Se le puede ver fácilmente en los pasillos y las oficinas de cualquier dependencia del Estado -refugio y ámbito particular del Anodino- haciendo nada, perdiendo el tiempo y haciéndole perder el tiempo a los demás. Locuaz y banal, el Anodino habla de esto y de aquello y de lo otro, de todo y de nada, se llena la boca de palabras vacías, habla y habla para matar el tiempo y su infinito hastío, para que el día corra y pase más rápido, y no para un segundo de hablar.
Su antípoda es el empleado laborioso y callado, ése que envejece sin esperanza frente a un escritorio por un sueldo que no le alcanza. El Anodino le tiene a menos, le tilda de tonto, de loco; subestima su responsabilidad, su eficiencia, su dedicación al trabajo. Pues el mérito no existe y la excelencia es una virtud dudosa que de nada sirve en este mundo de vivos.
Protegido por vínculos familiares o políticos, deja bien claro (es demasiado burdo para insinuarlo) su protección y sus conexiones. No desaprovecha ocasión alguna de mostrar su prepotencia y arrogancia. Sabe hacer uso de su ascendencia, de sus relaciones y su «situación» inmediata; cuando lo considera necesario, no vacila un instante en abusar de ellas para intimidar a los demás y obligarles a rendirle pleitesía.

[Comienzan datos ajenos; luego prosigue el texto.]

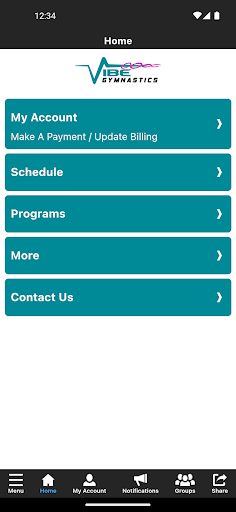 VIBE Gymnastics Screen 2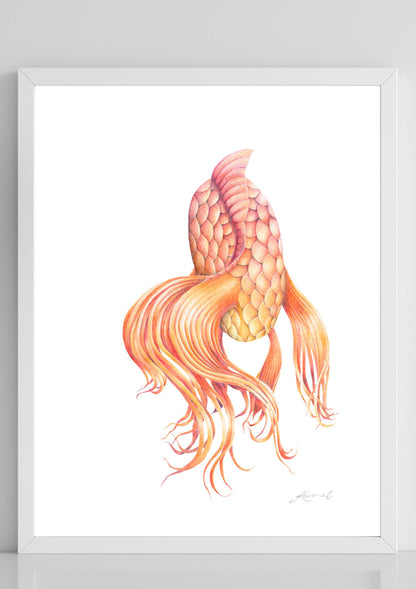 Butterfly Koi - Coloured Pencil Art Print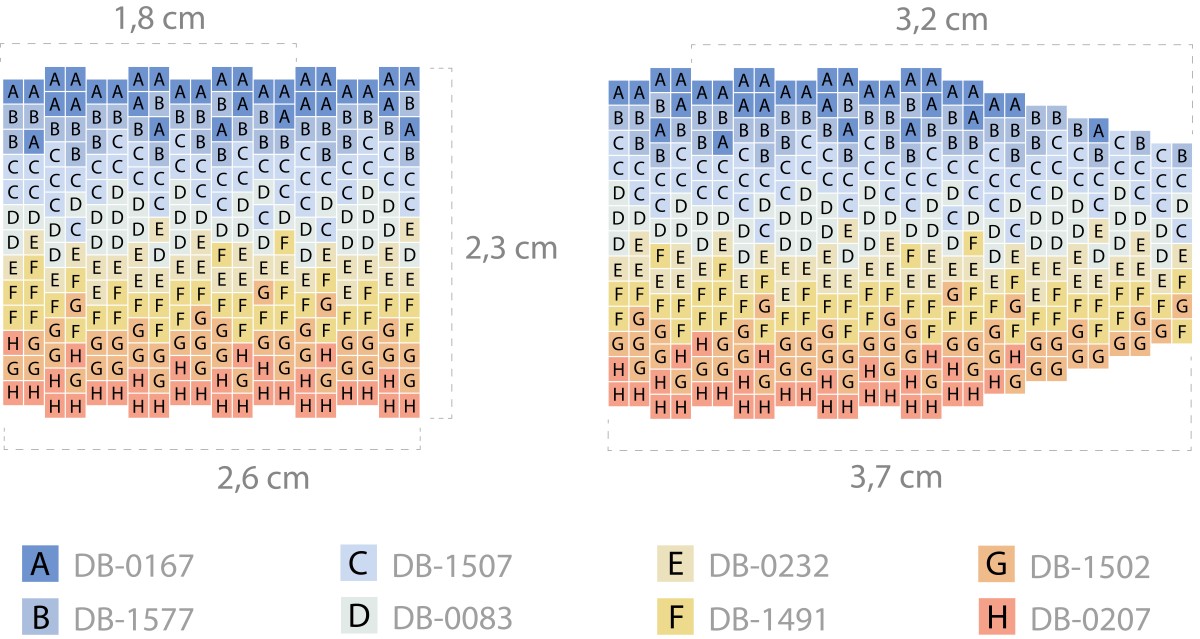 Schéma Bracelet Perles Miyuki tissage Peyote Double dégradé lever de soleil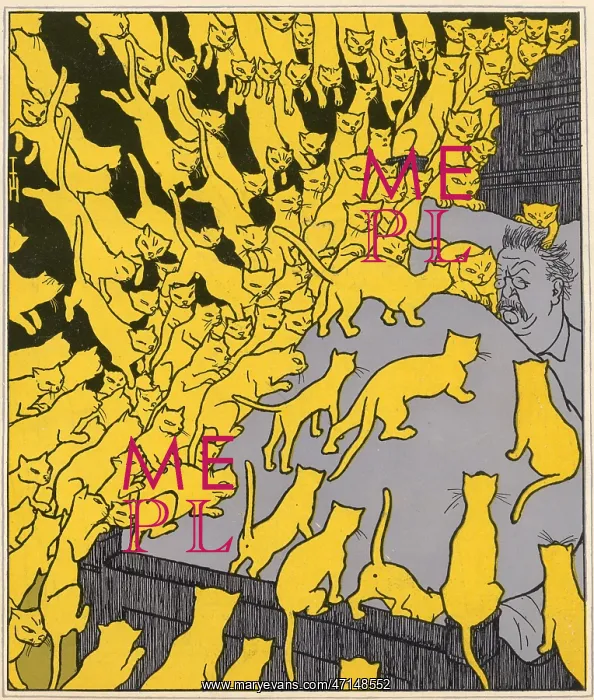: ROOSEVELT'S NIGHTMARE : ROOSEVELT'S NIGHTMARE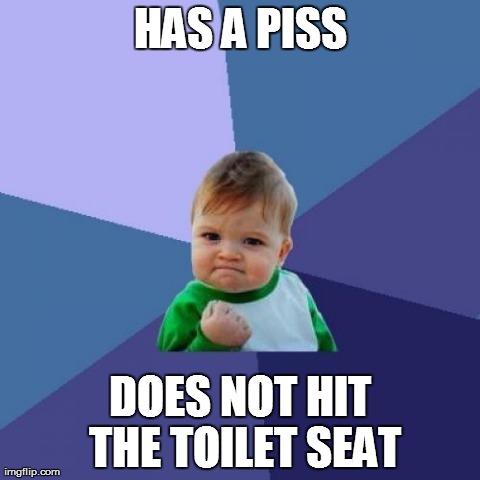 Pure Success...  | HAS A PISS DOES NOT HIT THE TOILET SEAT | image tagged in memes,success kid | made w/ Imgflip meme maker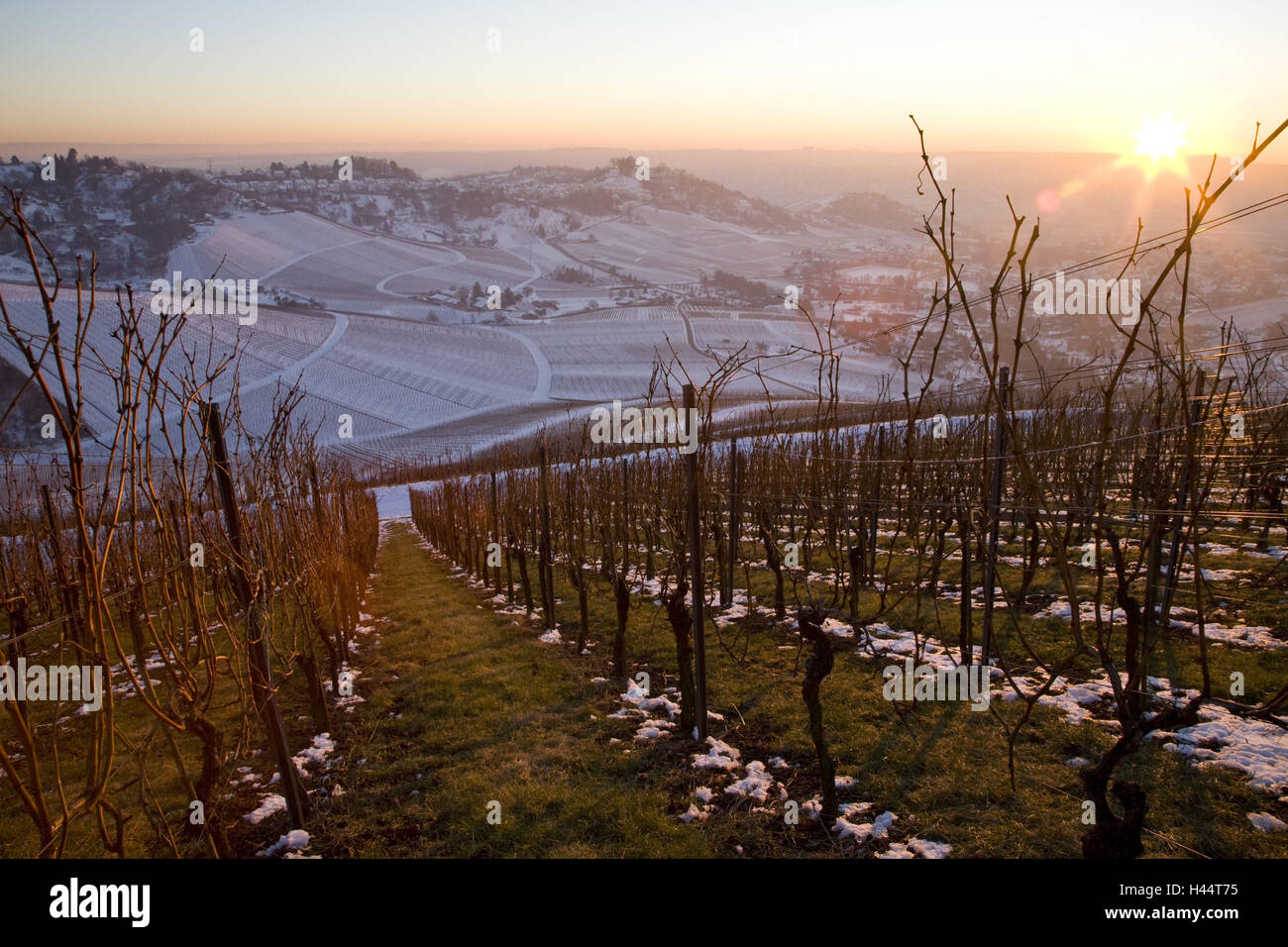 Vineyards, winter, Red's mountain, Stuttgart, Baden-Wurttemberg, Germany, Stock Photo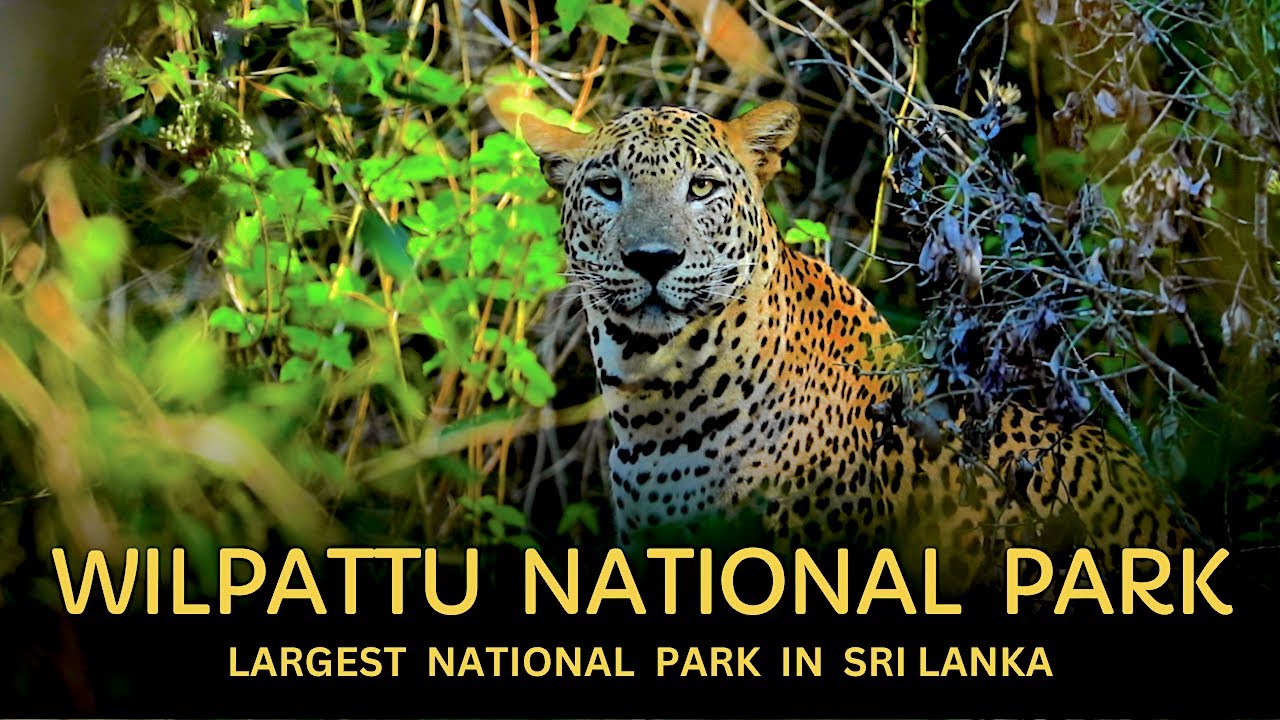 Wilpattu National Park | Sri Lanka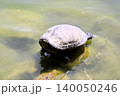 可愛い亀 140050246
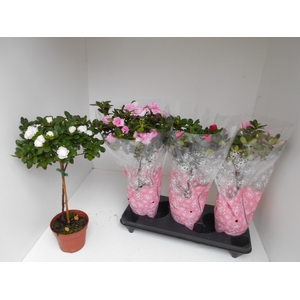 RHODO SI OV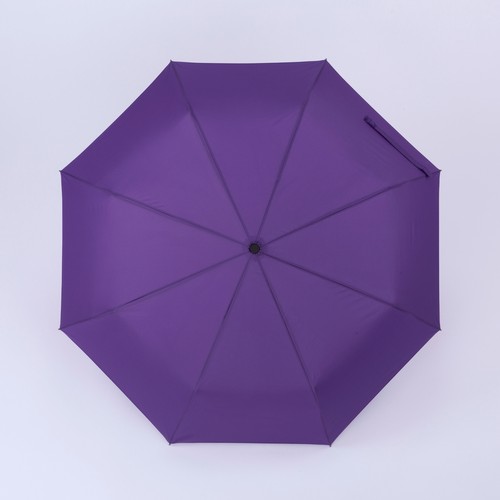 ACTIVE SET: BOUTEILLE D’EAU ISOTHERME ET PARAPLUIE AUTOMATIQUE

Con todas las premisas que le acompañan, es de esperar que goce de acogida entre alguna gente. Tan pronto llega, no es raro verle rodeado de un puñado de aduladores que le solicitan y halagan, procurando granjearse su simpatía y favor, más para conservar su puesto o procurarse ventaja que por sincero aprecio.
El Anodino es también un simulador de escaso talento. Al principio se nos pinta como cordero, como una persona «bien», amistosa y afable, incapaz de hacerle daño a nadie. La verdad, sin embargo, es otra. Tarde o temprano descubrimos su juego.
Manipulador y soberbio, no admite crítica ni se le puede contradecir o llamar la atención sobre un punto. Es susceptible a cualquier reparo sobre su persona o su conducta, pero no repara en sus formas burdas y groseras, en su trato indelicado con los demás. La palabra «disculpa» nunca saldrá de sus labios. Al saberse amparado, llega a creerse por encima de los demás, incluso de quienes le son intelectualmente superiores. Deformado, arrastra enormes complejos y frustraciones, y toma por mérito propia su parentesco con figuras encumbradas.
Cuando el Anodino se siente molesto o irritado actúa como un energúmeno, sin medir las consecuencias. Entonces sí es capaz de hacer daño, y no poco; entonces no titubea en acudir a las alturas del poder, en donde una decisión arbitraria puede truncar vidas y destinos, para elevar una queja ridícula o «hacer valer» sus derechos.
En situaciones de crisis o de conflicto, saca las uñas, y sus uñas son largas, bien largas. Deja ya de disimular y se nos pinta de cuerpo entero tal cual es y no como quiere hacernos creer que es; insulta, intimida, amenaza; se le cae la máscara de humildad y bondad. En verdad, el Anodino es peligroso, pernicioso, perverso. Si le dejaran actuar a sus anchas haría rodar cabezas. En el fondo este ser deforme y amargado sólo es digno de lástima. Si no se sintiera tan protegido, no actuaría con la soberbia que actúa, ni se permitiría las licencias que se permite.
Pero el Anodino -¡pobre hombre, pobre mujer!- vive engañado, vive de la ilusión de identidad, de la ilusión de ser alguien. No es nada, no es nadie. Debería saber que su poder (o su influencia) es sólo temporal y que nada dura para siempre. Pero está tan lejos de la sabiduría como el necio.
Saber que estamos condenados a sufrirlo nos hace desdichados. Recordar que su reinado es provisional nos brinda un ligero consuelo. Contra nuestra voluntad y nuestro bienestar, tenemos que soportarle a diario, en la oficina, la universidad, el negocio. No podemos escapar a su burda presencia, a su odiosa figura, a sus amenazas y sus exabruptos. Por suerte, disponemos a mano de un arma poderosa, infalible, absolutamente eficaz para neutralizarle: la indiferencia. Pues no hay mejor modo de tratar al Anodino que no tratarle en absoluto.